The Kalapuya people regularly set fires to improve hunting and travel. The fires helped maintain the valley’s mosaic of grasslands, oak savannas, wet prairies, and other open habitats.

Since the 1850s, much of the Willamette Valley ecoregion has been altered by development (both agricultural and urban), particularly affecting oak woodland, oak savanna, grassland, riverine, and wetland habitats. The Willamette River has been disconnected from its floodplain, and much of the historical habitat has been fragmented.

A growing population

Fast forward to modern times, where an exponentially growing population and resulting development creates challenges in this changing landscape.

About two million people live in the Willamette Valley, and that population is projected to double by 2050, according to the Oregon Conservation Strategy. The valley contains Oregon's three largest urban centers: Portland, Salem, and Eugene. It contains nine of the 10 largest cities in Oregon, and it's the fastest growing and most densely populated ecoregion in the state.

Feeding more people is also a challenge. Fortunately, the Willamette Valley boasts some of the most productive farmland in the state, producing more than 170 varieties of crop and livestock items including grass and legume seeds, tree fruits and nuts, wine grapes, berries, hops, vegetables, nursery stock, Christmas trees, and field crops such as wheat, oats, mint, hay, livestock and poultry. Agriculture plays a vital role in the economy here and provides food and fiber for growing populations.

Private Ownership

Unlike other ecoregions in Oregon, the Willamette Valley has a high rate of private land ownership. In fact, 96 percent of the Willamette Valley ecoregion is privately-owned, with a significant amount in agriculture.

Clearly, finding a balance between human development, population pressures, agricultural needs, and natural resources conservation is complicated here. And in a place where most of the land is privately-owned, partnerships with private landowners are absolutely critical for conservation success.

Enter the Natural Resources Conservation Service (NRCS) and the U.S. Fish and Wildlife Service (USFWS).
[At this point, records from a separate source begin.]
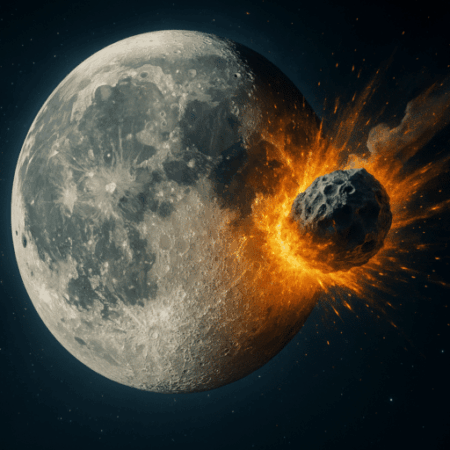 Предсказаны последствия столкновения гигантского астероида с Луной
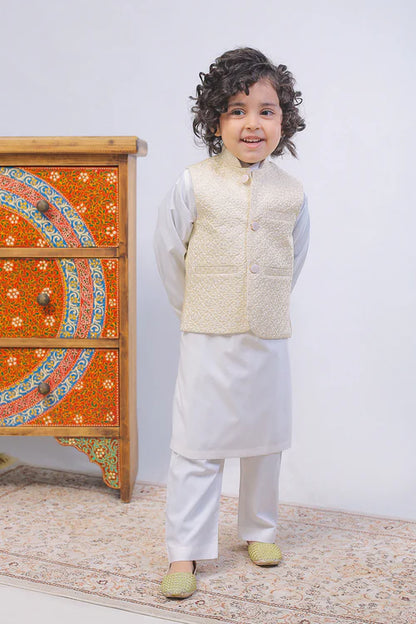 1 Piece | Boys Cream Silk Embroidered Waistcoat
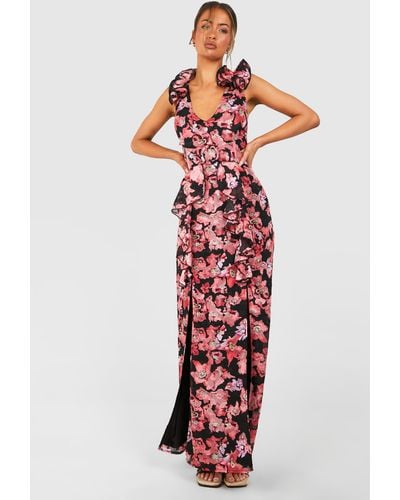 Boohoo Textured Floral Cut Out Ring Detail Maxi Dress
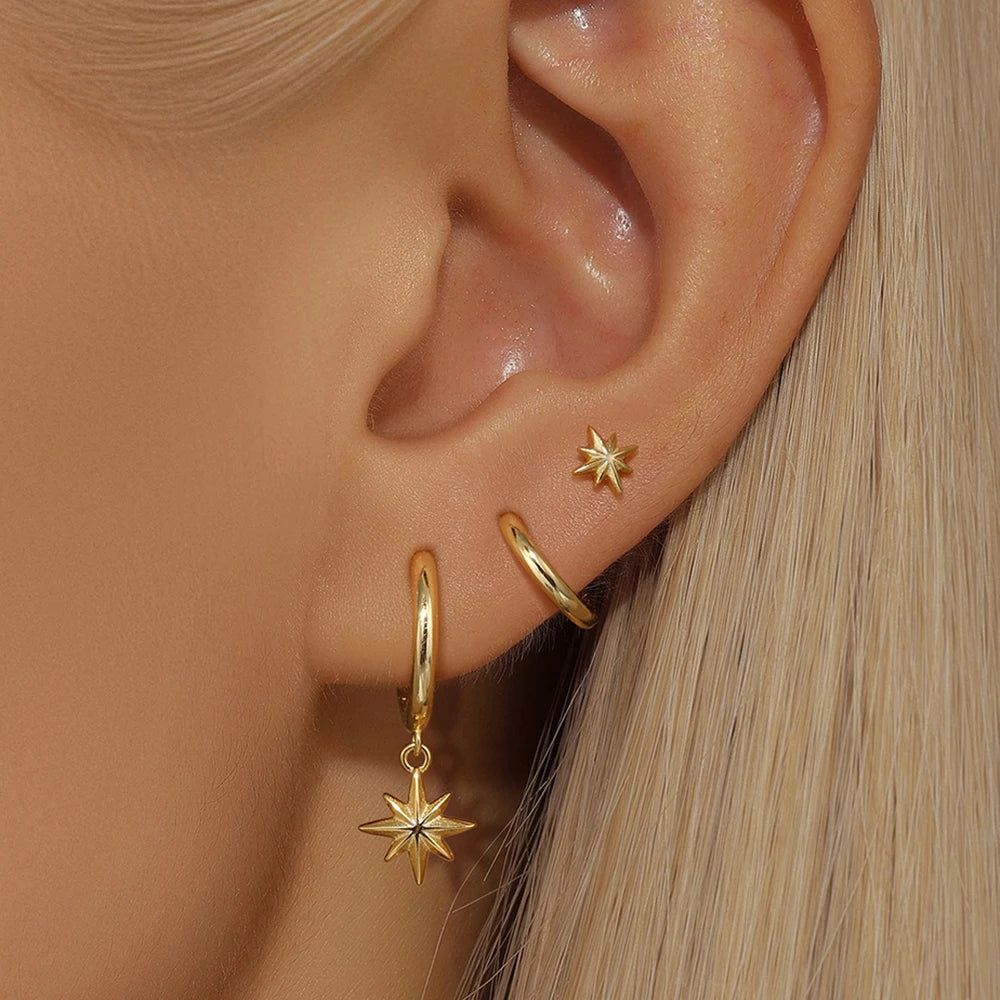 Round Star Drop Earrings
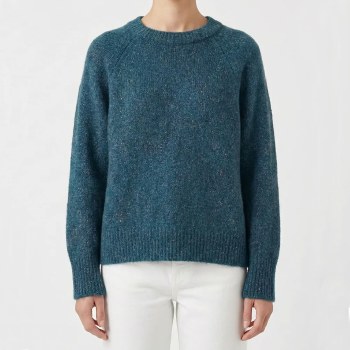 Cotton Alpaca Blend Teal Sweater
These two federal agencies are working together alongside private landowners to proactively address conservation needs in the valley.

bradshaw's lomatium fieldPictured: A field of brashaw's lomatium on a conservation easement site.

Partnerships for Restoration

NRCS and USFWS have forged a strong partnership in the Willamette Valley to work with private landowners to restore wildlife habitat.

The goal of the partnership is to restore native oak savannah and woodlands, prairie and wetland habitats and protect them from future development.

Wetland Reserve Easements

The primary program that drives this partnership is the Agricultural Conservation Easement Program - Wetland Reserve Easements (ACEP-WRE). This program is authorized by Congress through the Farm Bill and is administered by NRCS.

Through this ACEP-WRE, landowners may take a section of their property with habitat value out of agricultural use and enter it into an easement with NRCS. The landowner relinquishes certain rights to the property, such as the right to sub-divide and develop. NRCS compensates landowners by paying them a fair market rate in exchange for the easement. The landowner still owns the entire property and the easement remains on the property forever (or for a 30 year period), even if the property changes ownership.

NRCS and USFWS work together to restore the site to its historic hydrology and plant communities, and create a functioning habitat that resembles what the area would have looked like before settlement.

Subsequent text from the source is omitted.